Academic Loop-Holes & Pot-Holes
The last few months, I have been working diligently towards a career in academia. The first year and a half of my BA was spent floundering around random classes and mild interests, and to be honest, my grades reflect that. In the last year and a half, as may be evident with past posts, I have found my academic niche in video game studies and sociology, and my grades have been quite impressive (especially as a mom of two!). From this newly discovered passion, I made it through a few academic loop-holes, with special letters and extra-curricular interests.

But now, it seems I am stumbling in some of the academic pot-holes. Each university, province, state and country have different curriculums, and I can only speak of the two universities I have experienced. One was bore a rigid program structure where most of your classes were predetermined in a building block fashion while the latter is based on it being the responsibility of the student to make sure they fulfill the degree requirements with a skeletal progressive structure.

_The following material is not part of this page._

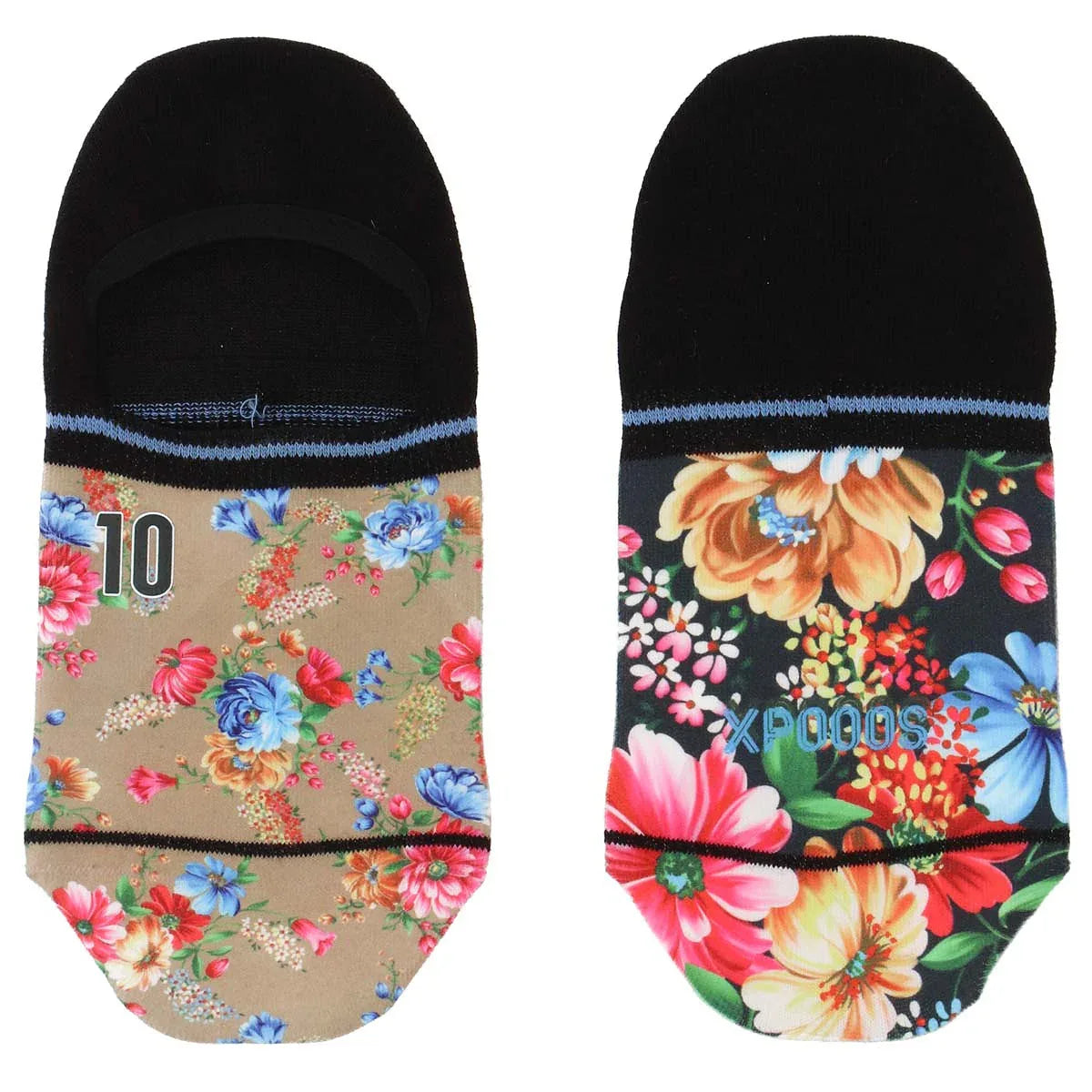 XPOOOS Twinny Flowers Footies Dames – Bloemenprint & Anti-slip - Elzinga Kousen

I am close to graduation, and am venturing towards realms of academia they dont much discuss at the undergrad level. Papers that are longer then 10 pages are rare for most (with one course and honours thesis aside). Theory is often (but not always - as I have been lucky) is taught in a memorize and re-iterate fashion, rarely giving the student the chance to think outside the box, or learn any element of theory that they can apply it to something and make it their own. Yet I find myself in a position where, in a few short months, 10 page papers are a weekly requirement (according to an MA friend) and the theoretical framework is to help structure our own ideas pertaining to our research.

My question is - when did they teach me this process? I am heading into writing my own research that requires a level of writting and theorizing that I dont feel I have learned anywhere.

There are so many other pot-holes that are not filled, and when I ask about them, I get these blank looks and weak responses that it is not necessarily their place to help me. I am venturing into the world of requesting funding for conferences and travel. With these requests, I am told I have to 'sell myself' - you know, convince those doling out the money, that my research is the one they want to fund. But again, my question is ... where am I supposed to learn this? I have been asking around, even to those who have applied for funding before, and I continuously get the same weak comments...

Why doesnt the university prepare students for all elements of academic life? I know I have been told that a BA today is the equivalent a high school diploma 20 years ago, but at least in high school we had shop and home-ec to teach us the basics of day to day life mixed in with the great literary classics and complex physics equations.

1 Comments:

  • Amen to this! I would love to say this is unique to our own educational institution but talks with friends in Toronto, Vancouver, Seattle, Washington and Austin tell me that sadly, it isn't. Concordia may be worse than some but it isn't different.

    And then we wonder why so many graduating students have such poor life skills.

    By Blogger Sashay, at 25/3/05 8:25 p.m.